» **WORK INSTRUCTION**
In the records below, the relevant part opens with the line containing "Grila fara emblema" and closes with the line containing "BREMBO Brzdov kotou"; print that part exactly and only, without its pictures.

» **PROVIDED RECORDS**
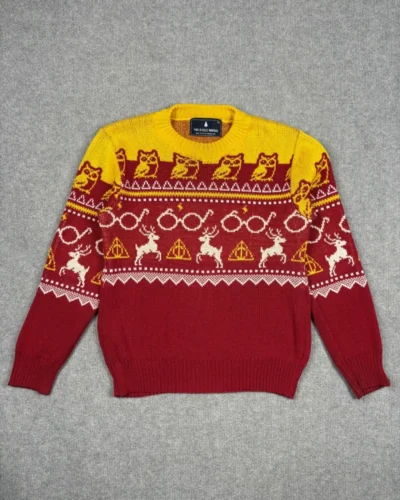 Sweater This Is Feliz Navidad
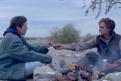 Immagine 27 - Nomadland, foto del film vincitore del premio Oscar, diretto da Chloé Zhao con Frances McDormand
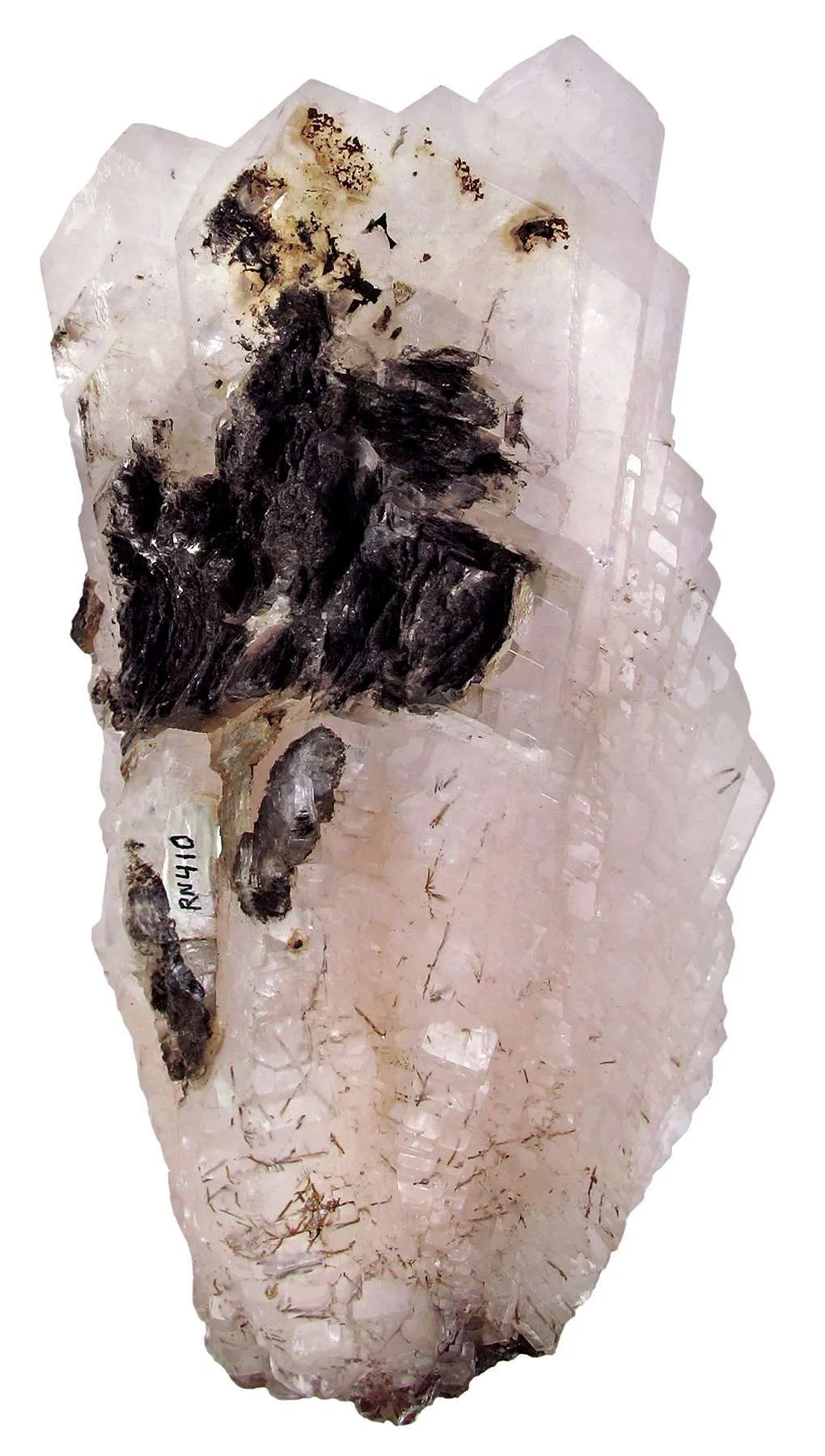 Manganoan Calcite - image 6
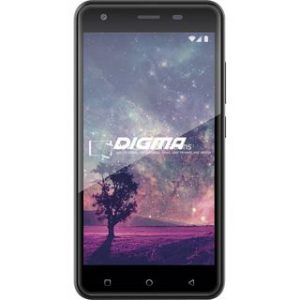 Характеристики Digma Vox G501 4G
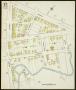 Map: Dallas 1921 Sheet 67
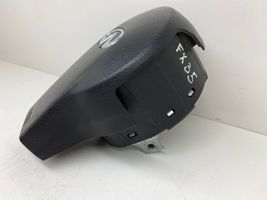 Infiniti FX Airbag de volant 810907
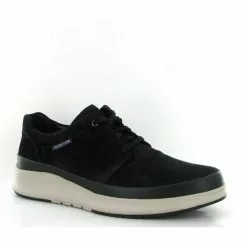 Mephisto Lacets Josselin Bleu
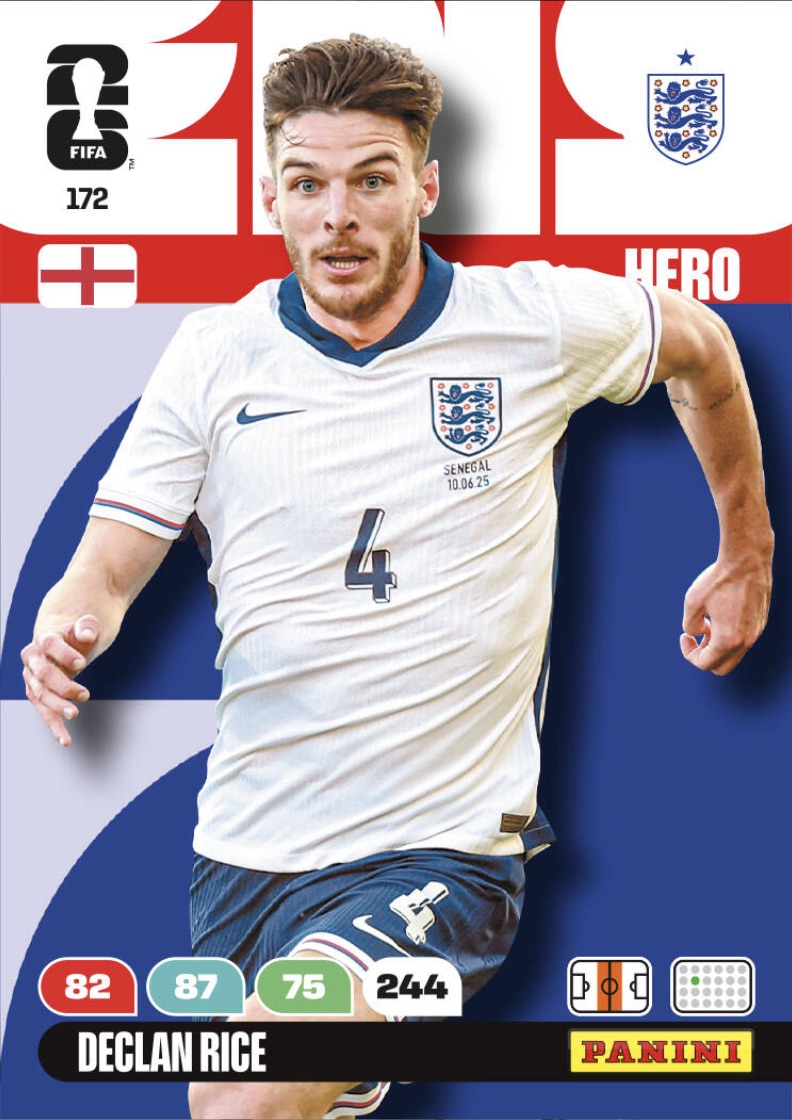 Declan Rice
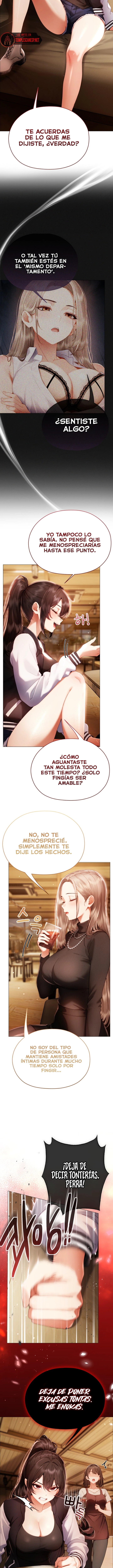 Little Stalker Raw - Chapter 45 Page 3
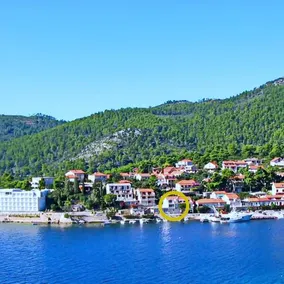 Apartments Tomašic - Image 1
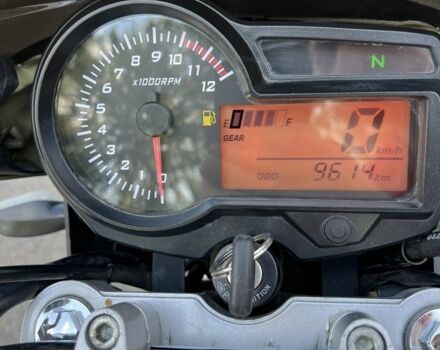 Мустанг Інша, об'ємом двигуна 0.15 л та пробігом 0 тис. км за 818 $, фото 7 на Automoto.ua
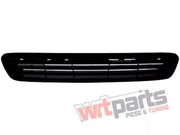 Grila fara emblema pentru Opel Astra G Jom - 6320027OE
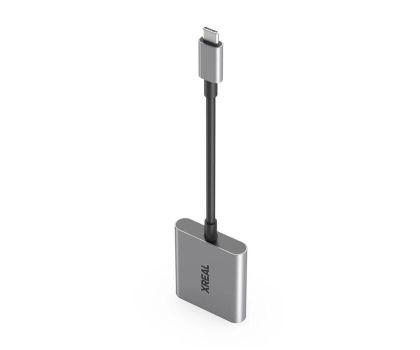 Akcesorium do gogli VR Xreal Adapter / HUB do ładowania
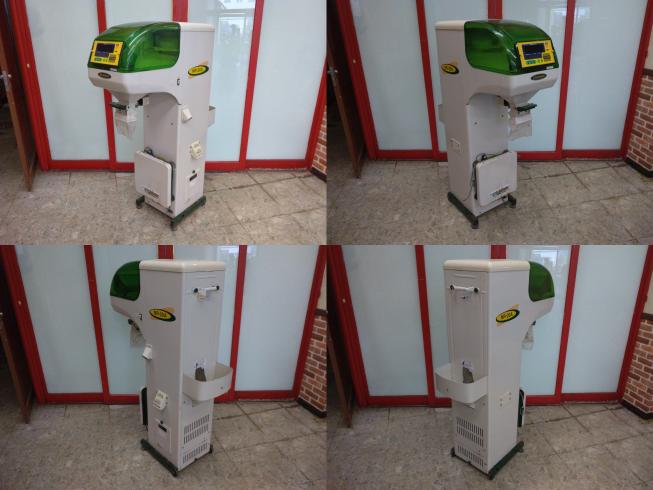 計量機 NR-20A　新潟●〇 写真３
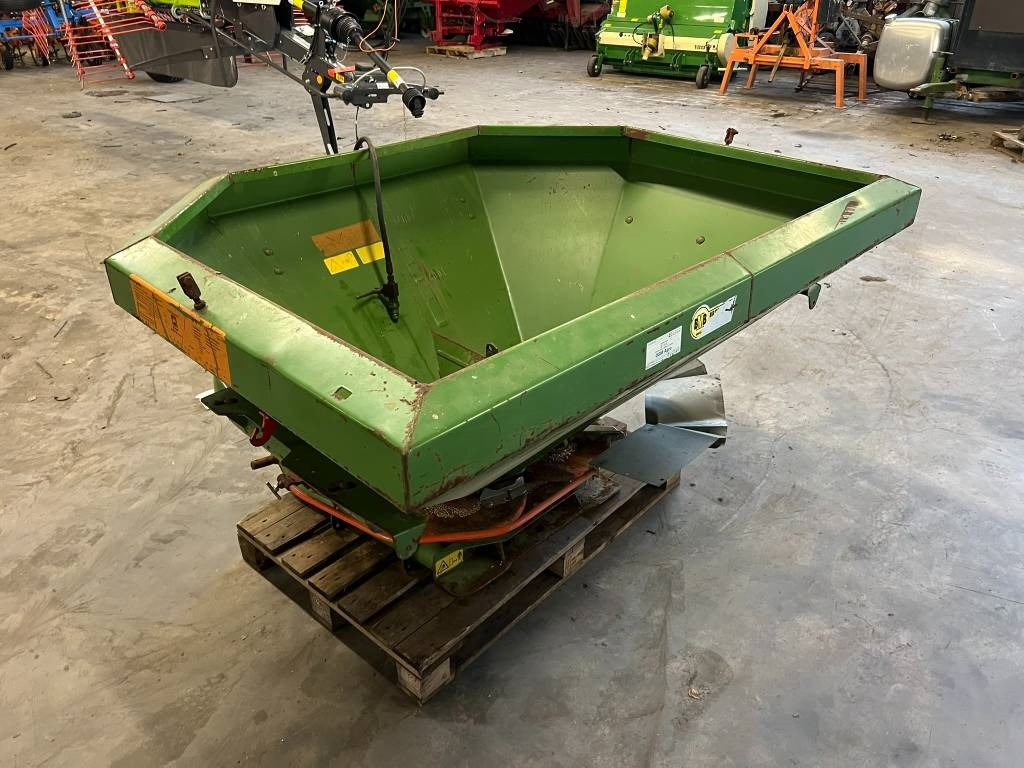 Amazone ZA-F 804 R kunstmest strooier - מפזרת דשן: תמונה 4 Amazone ZA-F 804 R kunstmest strooier - מפזרת דשן: תמונה 4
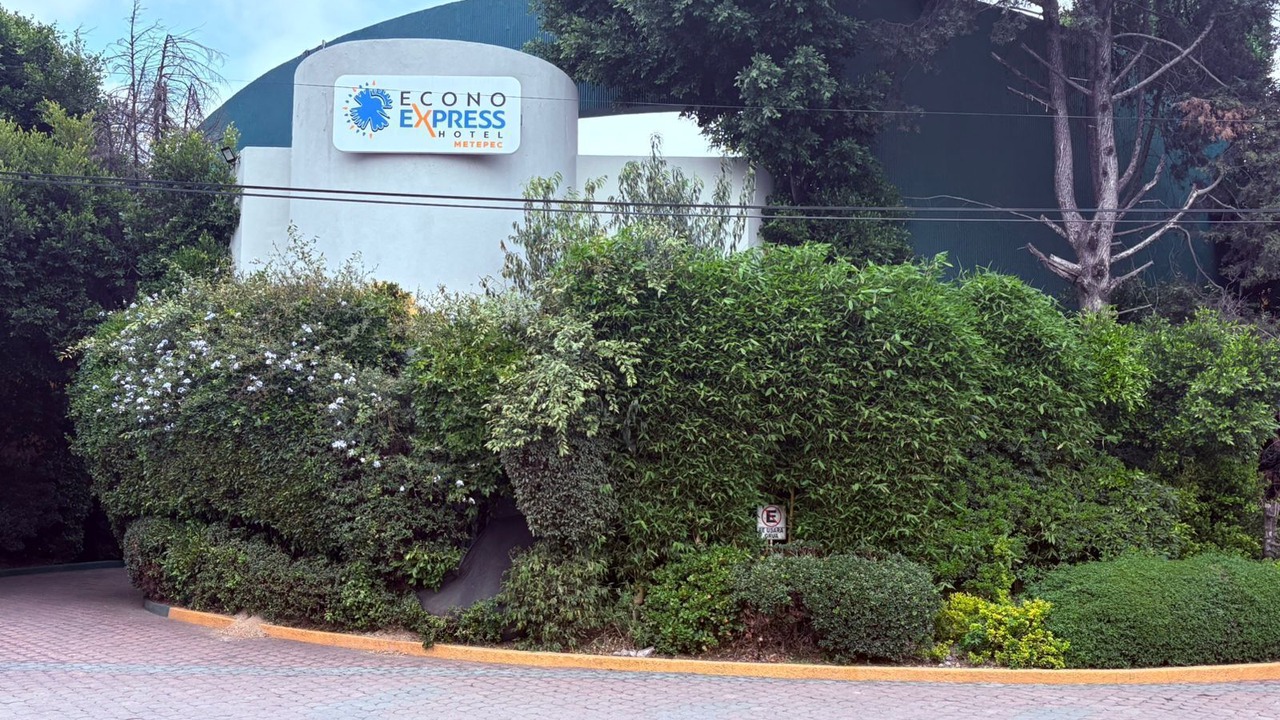 Photo of Outdoor in Metepec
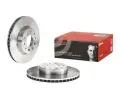 BREMBO Brzdov kotou - 280 mm BRE 09.5315.14, 09.5315.14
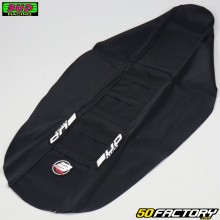 Forro de asiento Suzuki RM-Z 250 (desde 2019) y 450 (desde 2018) Bud Racing Negra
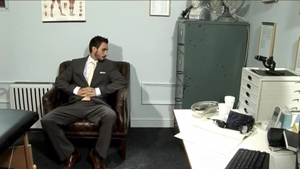 menatplay: Action-packed Doctor Visit with Big Dicks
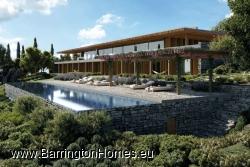 Luxury Villas, La Reserva, Sotogrande. 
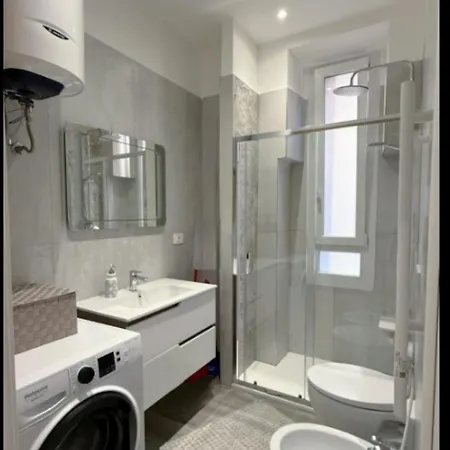 La Casa Di Noemi * サヴォーナ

» **SOLUTION TO THIS TASK**
 Grila fara emblema pentru Opel Astra G Jom - 6320027OE
 Akcesorium do gogli VR Xreal Adapter / HUB do ładowania
 計量機 NR-20A　新潟●〇 写真３
 Amazone ZA-F 804 R kunstmest strooier - מפזרת דשן: תמונה 4 Amazone ZA-F 804 R kunstmest strooier - מפזרת דשן: תמונה 4
 Photo of Outdoor in Metepec
 BREMBO Brzdov kotou - 280 mm BRE 09.5315.14, 09.5315.14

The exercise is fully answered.